The most obvious to me would be:

  1. If we think your entry might be unused we send you an email and ask if you still need it.
  2. If we get no reply we try to find a different contact using the organization website.
  3. If no contact can be established and we cannot find any evidence of subdomain use we remove the entry.
dnsguru commented 2 months ago

might be worth looking at if there is something within the CENTR 'Signs of Life' project https://github.com/CENTRprojects/Signs-of-life that could be elements put towards 'debris removals'

simon-friedberger commented 2 months ago

This brings up a little concern: some domain owners might not be notified about these changes, especially if their contact information is outdated, leading to unintended removals that could impact user security.

I totally agree with this, that is why we added the following section to the PR template

The submitter acknowledges that it is their responsibility to maintain the domains within their section. This includes removing names which are no longer used, retaining the _psl DNS entry, responding to e-mails to the supplied address. Failure to maintain entries may result in removal of individual entries or the entire section.

And in comments:

<!- Submitter will maintain domains in good standing or may lose section.

The ongoing trust of the PSL requires it to be free of outdated or problematic entries. In making this pull request, there is a commitment by the submitter that they are going to review and maintain their relevant section. By submitting an entry, the requestor acknowledges that their entry and section may be removed if the domain does not maintain the respective _PSL entries in DNS, any domain(s) within their section fail to resolve in DNS, the domain does not get renewed, expires or is otherwise unreachable. Submitter further identifies that it is their responsibility to review their submitted section within the PSL, submitting updates or removals as their domain(s) may change over time.
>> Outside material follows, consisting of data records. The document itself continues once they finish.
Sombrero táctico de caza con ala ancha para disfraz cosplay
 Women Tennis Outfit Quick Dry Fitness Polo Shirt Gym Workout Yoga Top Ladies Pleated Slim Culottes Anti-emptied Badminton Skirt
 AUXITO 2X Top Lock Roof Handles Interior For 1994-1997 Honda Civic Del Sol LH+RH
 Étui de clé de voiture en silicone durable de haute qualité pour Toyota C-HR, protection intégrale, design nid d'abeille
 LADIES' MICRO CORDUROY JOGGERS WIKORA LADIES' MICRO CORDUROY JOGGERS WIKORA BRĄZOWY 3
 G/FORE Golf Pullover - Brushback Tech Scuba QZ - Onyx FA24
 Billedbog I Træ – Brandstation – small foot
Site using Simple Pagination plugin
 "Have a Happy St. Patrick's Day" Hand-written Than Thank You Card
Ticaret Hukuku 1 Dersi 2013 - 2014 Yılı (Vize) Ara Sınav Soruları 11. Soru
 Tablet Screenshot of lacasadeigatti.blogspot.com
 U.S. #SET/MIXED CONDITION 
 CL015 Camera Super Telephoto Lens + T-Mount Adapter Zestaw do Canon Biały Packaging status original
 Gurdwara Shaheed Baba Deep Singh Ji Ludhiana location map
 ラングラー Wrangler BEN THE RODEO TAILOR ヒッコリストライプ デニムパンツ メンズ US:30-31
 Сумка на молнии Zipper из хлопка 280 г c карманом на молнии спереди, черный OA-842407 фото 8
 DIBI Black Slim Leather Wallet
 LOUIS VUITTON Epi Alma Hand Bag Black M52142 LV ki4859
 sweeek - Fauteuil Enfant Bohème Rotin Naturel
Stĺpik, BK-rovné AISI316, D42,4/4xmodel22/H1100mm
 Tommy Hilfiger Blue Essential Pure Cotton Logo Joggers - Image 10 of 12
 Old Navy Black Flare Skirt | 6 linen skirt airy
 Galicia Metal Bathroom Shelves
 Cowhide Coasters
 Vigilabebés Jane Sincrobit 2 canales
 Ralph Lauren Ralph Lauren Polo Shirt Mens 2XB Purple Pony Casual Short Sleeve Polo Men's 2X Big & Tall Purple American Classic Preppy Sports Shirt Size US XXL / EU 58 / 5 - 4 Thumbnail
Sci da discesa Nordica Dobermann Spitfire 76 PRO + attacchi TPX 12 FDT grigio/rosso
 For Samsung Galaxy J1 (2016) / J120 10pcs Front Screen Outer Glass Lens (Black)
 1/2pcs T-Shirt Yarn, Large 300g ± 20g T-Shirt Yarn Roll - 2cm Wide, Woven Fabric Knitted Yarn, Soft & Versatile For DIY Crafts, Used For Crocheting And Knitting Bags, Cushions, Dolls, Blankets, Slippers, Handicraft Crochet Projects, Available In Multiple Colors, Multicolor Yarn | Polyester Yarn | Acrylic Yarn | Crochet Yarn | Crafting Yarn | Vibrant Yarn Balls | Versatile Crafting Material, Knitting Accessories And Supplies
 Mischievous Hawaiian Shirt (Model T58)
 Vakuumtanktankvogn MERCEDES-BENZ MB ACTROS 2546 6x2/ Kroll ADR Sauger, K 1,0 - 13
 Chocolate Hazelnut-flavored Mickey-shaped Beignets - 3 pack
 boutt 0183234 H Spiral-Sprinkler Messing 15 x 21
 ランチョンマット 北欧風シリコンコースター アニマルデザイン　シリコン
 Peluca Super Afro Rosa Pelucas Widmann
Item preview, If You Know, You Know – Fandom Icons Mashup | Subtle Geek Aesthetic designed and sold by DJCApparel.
It is also the responsibility of the submitter to provide (and keep up to date) a reachable email address within the section, and to maintain that address as it may change over time, so that they receive notices. -->

I also agree that we should not remove domains which still have a working _psl entry.

I am trying to be cautious about removing old entries but thank you for the concrete examples of reasons why we might not be able to test the usability of a domain!